◆ Exercise directions:
Every entry below should be printed again exactly as it reads.

↓

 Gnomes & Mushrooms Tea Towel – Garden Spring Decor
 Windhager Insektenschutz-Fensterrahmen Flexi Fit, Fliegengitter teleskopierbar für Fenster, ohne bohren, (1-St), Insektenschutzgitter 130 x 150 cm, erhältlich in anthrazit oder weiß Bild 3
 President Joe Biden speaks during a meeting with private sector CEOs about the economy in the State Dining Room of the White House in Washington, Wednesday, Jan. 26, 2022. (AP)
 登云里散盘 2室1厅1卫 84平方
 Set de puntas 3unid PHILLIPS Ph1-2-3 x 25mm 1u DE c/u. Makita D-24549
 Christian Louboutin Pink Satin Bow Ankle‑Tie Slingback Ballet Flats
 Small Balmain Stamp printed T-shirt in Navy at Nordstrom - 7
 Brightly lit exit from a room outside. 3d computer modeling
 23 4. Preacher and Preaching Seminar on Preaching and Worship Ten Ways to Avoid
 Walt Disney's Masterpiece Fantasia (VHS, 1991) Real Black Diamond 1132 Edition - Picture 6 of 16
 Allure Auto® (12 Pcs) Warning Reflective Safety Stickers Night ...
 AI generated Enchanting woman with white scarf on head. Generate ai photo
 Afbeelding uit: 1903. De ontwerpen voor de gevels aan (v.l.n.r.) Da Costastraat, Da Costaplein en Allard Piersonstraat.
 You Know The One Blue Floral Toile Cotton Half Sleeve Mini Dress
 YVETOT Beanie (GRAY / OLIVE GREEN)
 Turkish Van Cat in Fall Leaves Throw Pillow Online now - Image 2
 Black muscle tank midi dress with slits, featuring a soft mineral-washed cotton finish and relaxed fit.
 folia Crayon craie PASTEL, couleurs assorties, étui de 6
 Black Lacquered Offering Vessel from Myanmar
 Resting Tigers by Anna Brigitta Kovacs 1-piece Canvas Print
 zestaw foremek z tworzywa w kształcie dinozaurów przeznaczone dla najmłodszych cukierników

↑

◆ Answer below:
 Gnomes & Mushrooms Tea Towel – Garden Spring Decor
 Windhager Insektenschutz-Fensterrahmen Flexi Fit, Fliegengitter teleskopierbar für Fenster, ohne bohren, (1-St), Insektenschutzgitter 130 x 150 cm, erhältlich in anthrazit oder weiß Bild 3
 President Joe Biden speaks during a meeting with private sector CEOs about the economy in the State Dining Room of the White House in Washington, Wednesday, Jan. 26, 2022. (AP)
 登云里散盘 2室1厅1卫 84平方
 Set de puntas 3unid PHILLIPS Ph1-2-3 x 25mm 1u DE c/u. Makita D-24549
 Christian Louboutin Pink Satin Bow Ankle‑Tie Slingback Ballet Flats
 Small Balmain Stamp printed T-shirt in Navy at Nordstrom - 7
 Brightly lit exit from a room outside. 3d computer modeling
 23 4. Preacher and Preaching Seminar on Preaching and Worship Ten Ways to Avoid
 Walt Disney's Masterpiece Fantasia (VHS, 1991) Real Black Diamond 1132 Edition - Picture 6 of 16
 Allure Auto® (12 Pcs) Warning Reflective Safety Stickers Night ...
 AI generated Enchanting woman with white scarf on head. Generate ai photo
 Afbeelding uit: 1903. De ontwerpen voor de gevels aan (v.l.n.r.) Da Costastraat, Da Costaplein en Allard Piersonstraat.
 You Know The One Blue Floral Toile Cotton Half Sleeve Mini Dress
 YVETOT Beanie (GRAY / OLIVE GREEN)
 Turkish Van Cat in Fall Leaves Throw Pillow Online now - Image 2
 Black muscle tank midi dress with slits, featuring a soft mineral-washed cotton finish and relaxed fit.
 folia Crayon craie PASTEL, couleurs assorties, étui de 6
 Black Lacquered Offering Vessel from Myanmar
 Resting Tigers by Anna Brigitta Kovacs 1-piece Canvas Print
 zestaw foremek z tworzywa w kształcie dinozaurów przeznaczone dla najmłodszych cukierników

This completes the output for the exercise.